Crypto Mass Adoption
Raoul Pal explains that to stay relevant in the space, you need to own a part of the space. BTC and ETH have done a great job with that. He believes that SOL is targeting the mass adoption consumer layer with the applications they’re building, the phone, and the shop, and that is their narrative
●For mass adoption, he believes that non-crypto communities refuse crypto and blockchain tech, they have an immune response. For example, with gaming, the industry is slowly and incrementally moving forwards, and whenever a major publisher announces support for NFTs, most gamers have a negative response.
●A game or NFTs should derive value from consumption and enjoyment to the end user, and not just considered an investment. The entertainment value is worth the cost of whatever the user is spending in a particular game.
●Questioned how the community can get to 100 million active users signing transactions.
●We’re still a ways away from creating a whole experience, wherein the end users can, for instance, store their SOL NFTs and ETH NFTs seamlessly.
●Working on solutions to keep the seed phrase truly safe will also help with increased adoption.
●In terms of Music NFTs as a means for mass adoption, Anatoly feels that there’s a lot of value for artists and platforms, but it is hard to show that value to fans.
Why the SOL Phone?
●Anatoly brought up the importance of meeting Jason, who is the founder of Awesome Privacy, which is the OEM building the phone.
●Privacy and Web3 are closely related, no Web3 dapp asks for a username and password. We need a business model that depends on privacy, otherwise, we’ll be left holding the privacy that Google and Apple sell us.
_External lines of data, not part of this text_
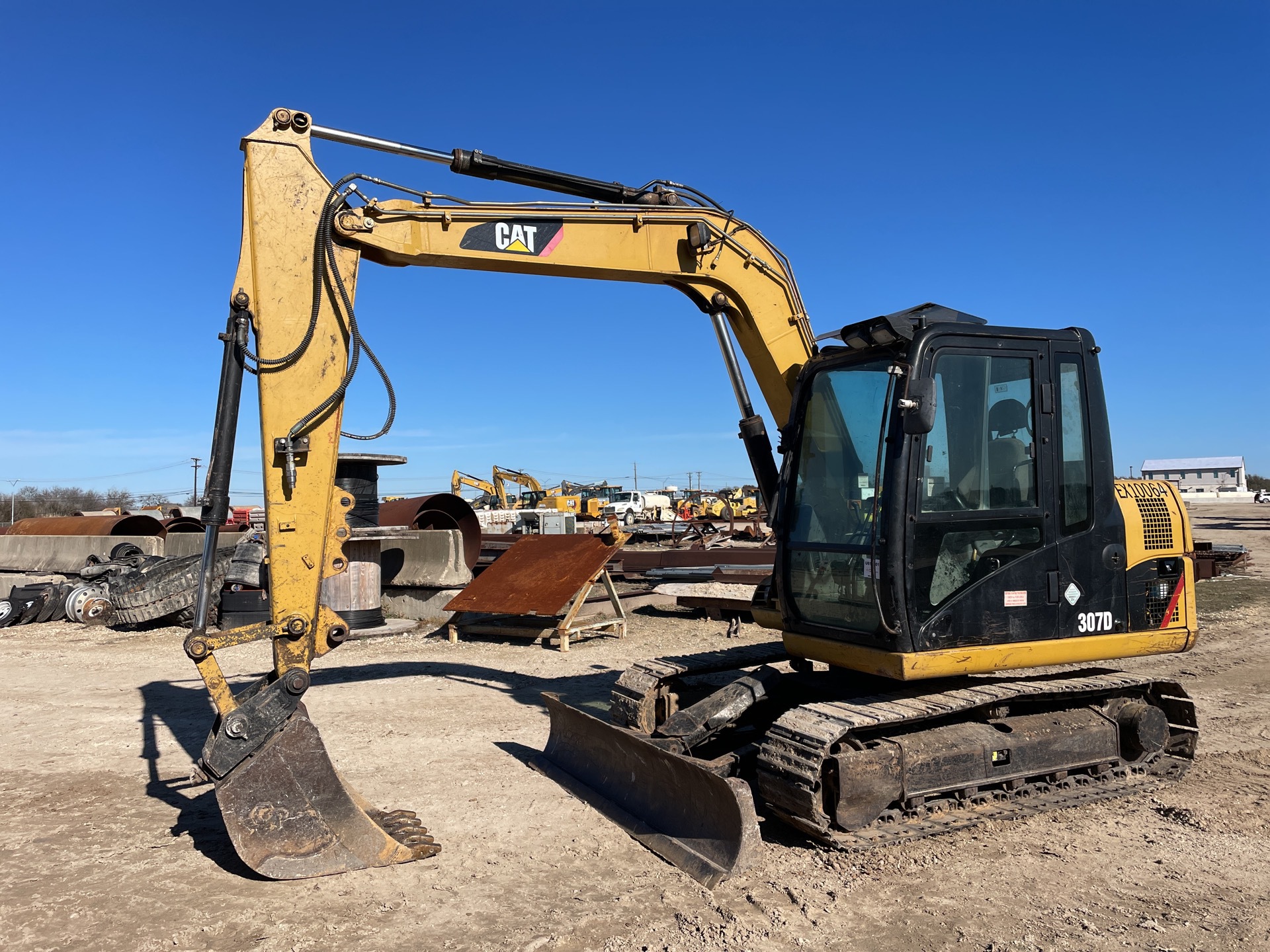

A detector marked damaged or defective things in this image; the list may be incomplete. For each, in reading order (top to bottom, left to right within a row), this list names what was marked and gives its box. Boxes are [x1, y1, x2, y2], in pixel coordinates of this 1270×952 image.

rusted metal drum [8, 518, 166, 540]
rusted metal drum [376, 495, 480, 571]
rusty steel plate [444, 538, 622, 619]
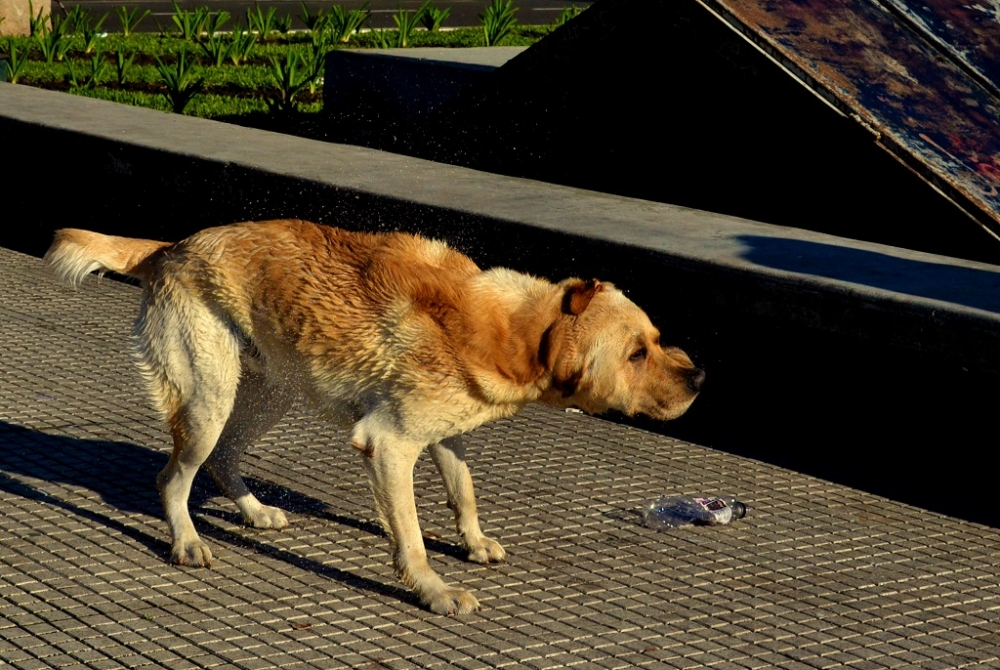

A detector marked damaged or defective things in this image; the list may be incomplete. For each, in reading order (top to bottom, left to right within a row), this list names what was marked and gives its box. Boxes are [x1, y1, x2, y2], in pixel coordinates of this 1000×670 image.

rusty metal panel [700, 0, 1000, 239]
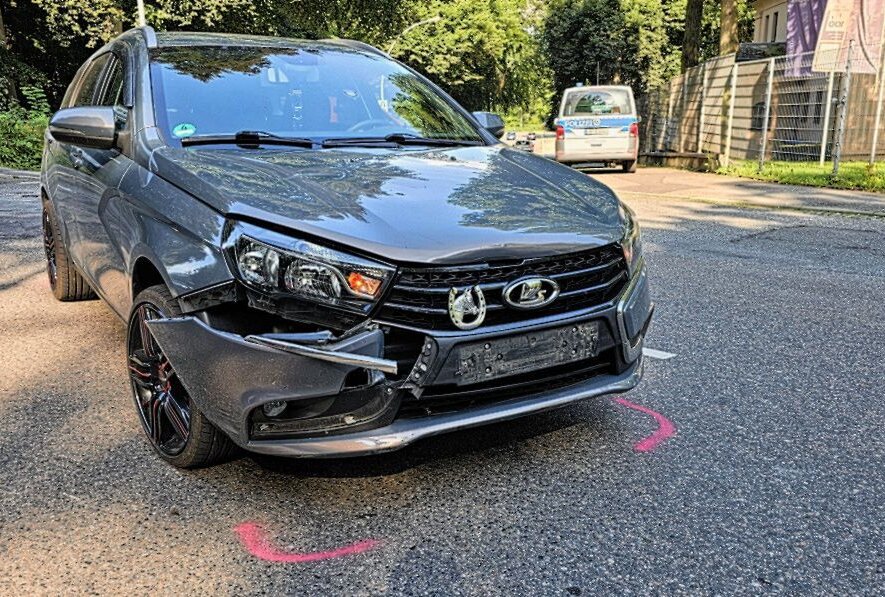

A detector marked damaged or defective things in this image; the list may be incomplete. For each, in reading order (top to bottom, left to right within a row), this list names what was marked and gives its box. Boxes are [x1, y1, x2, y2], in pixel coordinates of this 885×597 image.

cracked headlight [228, 220, 394, 312]
damaged gray station wagon [39, 26, 648, 466]
cracked headlight [620, 205, 644, 274]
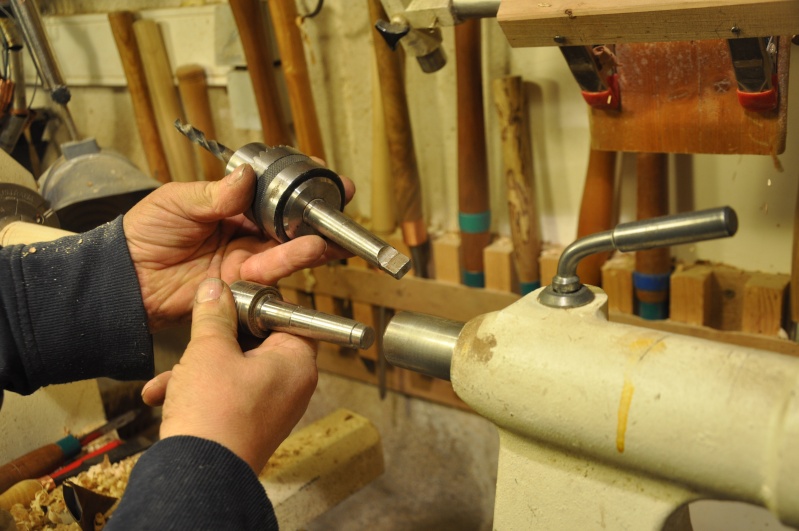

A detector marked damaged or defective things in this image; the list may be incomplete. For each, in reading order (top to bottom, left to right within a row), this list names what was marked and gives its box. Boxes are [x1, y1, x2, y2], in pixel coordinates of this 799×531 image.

rusty tool [108, 10, 172, 185]
rusty tool [228, 0, 290, 145]
rusty tool [176, 120, 412, 278]
rusty tool [368, 0, 432, 278]
rusty tool [456, 18, 494, 288]
rusty tool [490, 75, 540, 296]
rusty tool [636, 153, 672, 320]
●Feels that if we get to the scale of 100 million people in crypto, signing transactions, there has to be a mobile phone, as that is what most people use.
●Working on adding BIP39, helping with seed creation and recovery. This will connect directly to the mobile device, so when a Web3 dapp loads, it won’t have to mention which wallets it supports as it will automatically connect based on the seed.
●Working on a Web3 dapp store and crypto payments as well.
● Hopes there’s an app that is built that garners widespread attention, and then has someone acquire the hardware.
●Based on the specs, the phone will be priced at $1000. They want to build a lower-end device next.
●The goal is not to make a general-purpose device, but to make an awesome phone for crypto natives, and a great application store for devs.
What Gets Anatoly Excited in the Crypto Space?
●Fascinated by the Constitution DAO, and how quickly people can come together and accumulate capital collectively.
●Crypto eliminates many bottlenecks, enables communities to form with a clear purpose.
●Interestingly, he feels that there probably isn’t a need for a Web3 version of Discord or Twitter. Web3 groups such as DAOs provide enough community by just being in the group, where they communicate doesn’t matter much.
About SOL Hacker Houses
●The community response after the first SOL conference, Breakpoint.
●Many devs got together and started building dapps, and the team wanted to support that.
●The SOL team organizes these Hacker Houses across the world.
●Around 9,000 developers showed up to these events.
●Month over month, the amount of funding the SOL-based projects are getting can’t be faked.
Handling the Massive Correction in $SOL Price
●Having seen $ETH drop 70%, as they started building SOL at the end of the last bull cycle made it digestible this recent drop digestible.